Ese día, de mañana, la gente en el puerto de Montevideo miraba con curiosidad a un enorme hidroavión, tipo «bote volador», recorrer una y otra vez las aguas del antepuerto, los motores rugientes y acelerados al máximo. Después de la quinta tentativa, un suspiro de alivio recorrió todas las bocas. La aeronave había despegado y se perdía en el horizonte. Lo que nadie sabía era que ese hidroavión privado, piloteado por el mayor retirado Alcides Perdomo, iba cargado hasta los topes con munición y fusiles que tenían grabados el escudo del Uruguay, en lo que era la secreta contribución del gobierno uruguayo a la causa revolucionaria. Por razones nunca aclaradas, la aeronave no pudo amerizar en el río Paraguay, y regresó a Montevideo, donde al tratar de posarse sobre el agua en medio de una fuerte tormenta, y en horas de la noche, golpeó la restinga rocosa de Punta Carretas, para terminar varada en la playa Verde, arrastrada por la corriente.

Frenéticamente, y en el mayor secreto, el gobierno dispuso un operativo conjunto, donde intervinieron el ejército, la armada y la prefectura naval. Las armas fueron todas retiradas, pero el oficial al mando, capitán de corbeta Alfredo Bastreri, fallecería poco tiempo después de neumonía.

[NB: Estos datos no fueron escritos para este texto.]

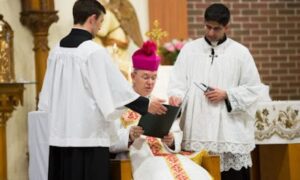 Schneider-2-r78xz1o970ev1g634wjdv3n050xhk58fgv9jnijlbs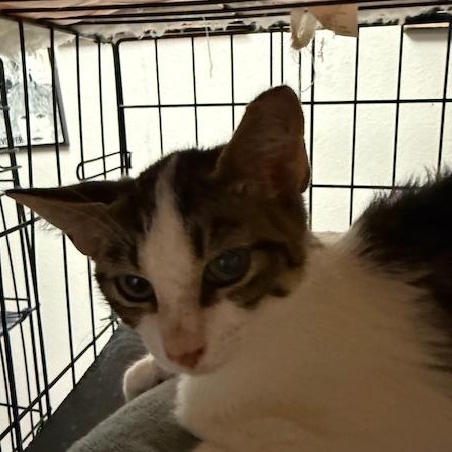 Gracie and Louise, Adoptable, Young Female Domestic Short Hair.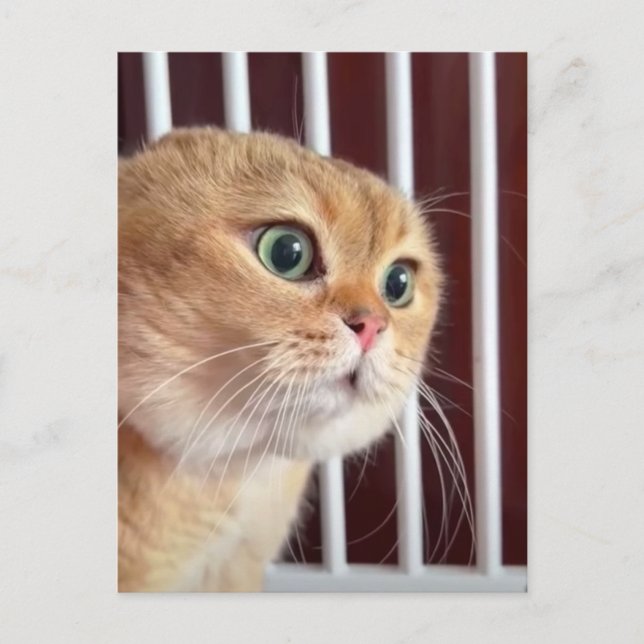 Postkarte Vortrag Katzen (Vorderseite)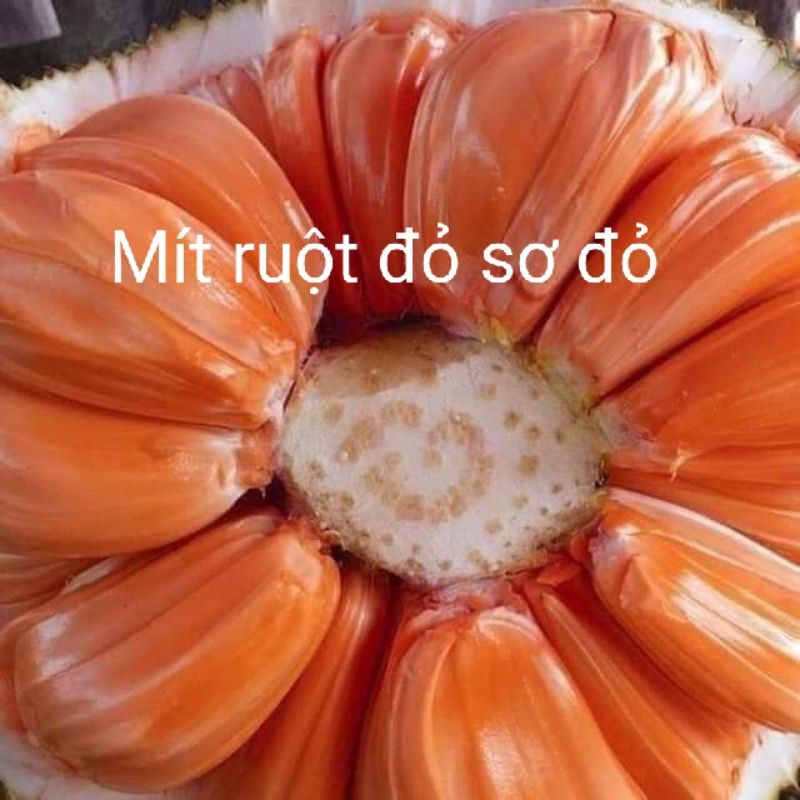 CÂY GIỐNG MÍT RUỘT ĐỎ SƠ ĐỎ MALAYSIA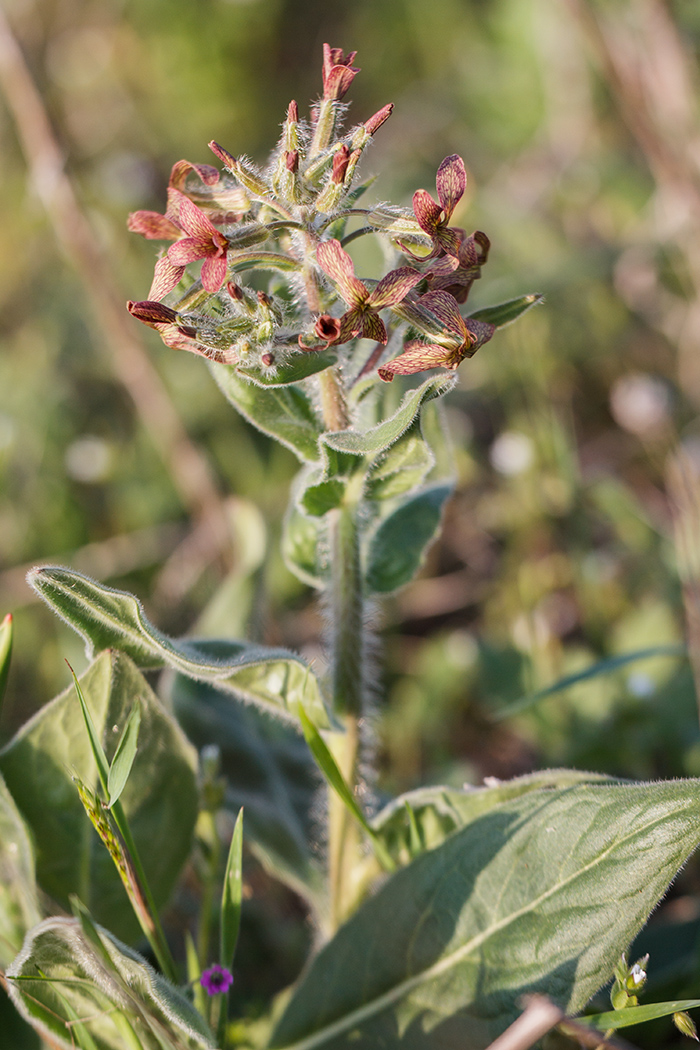 Image of Hesperis tristis specimen.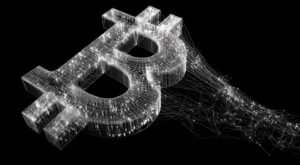 Desenvolvedor Planeja a Privatização do Bitcoin: O Fim da Criptomoeda como Conhecemos?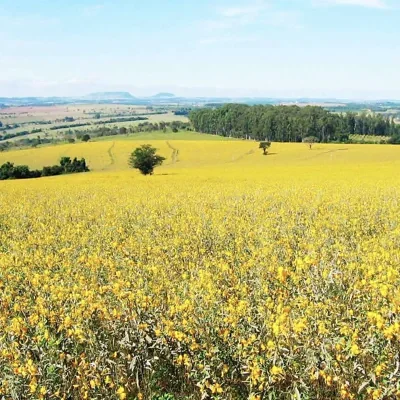Crotalaria spectabilis - Rattlebox, Showy Crotalaria, Showy Rattlebox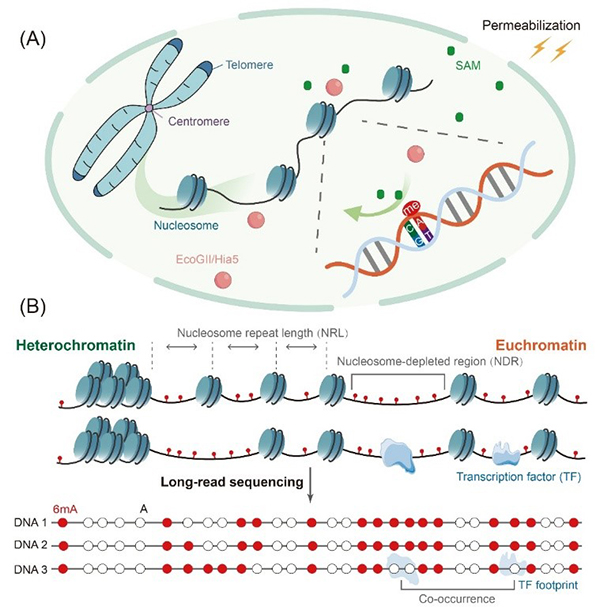中国海洋大学在染色质解析与表观遗传编辑研究领域取得新进展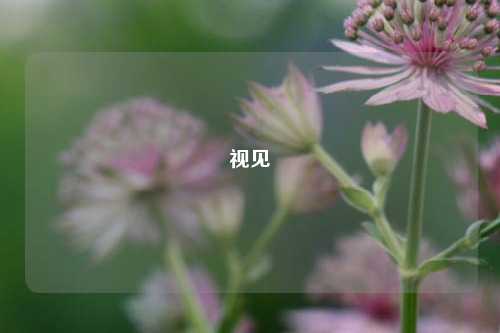 视见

En el lejano Paraguay, los revolucionarios llegaron a las afueras de Asunción y la victoria parecía un hecho. Pero todo se desplomó, cuando dos regimientos al mando del entonces coronel Alfredo Stroessner atacaron por la retaguardia. La victoria del general Morinigo fue pírrica, porque sus colegas militares le retiraron la confianza y lo derrocaron al año siguiente. Como colorario a esta peculiar historia, Uruguay y Argentina, trataron de recomponer sus relaciones bilaterales, notoriamente deterioradas por las posturas asumidas en relación a la crisis paraguaya, pero ahora despegados e indiferentes de la suerte de la nación guaraní que inició su marcha al infierno que duraría 60 años.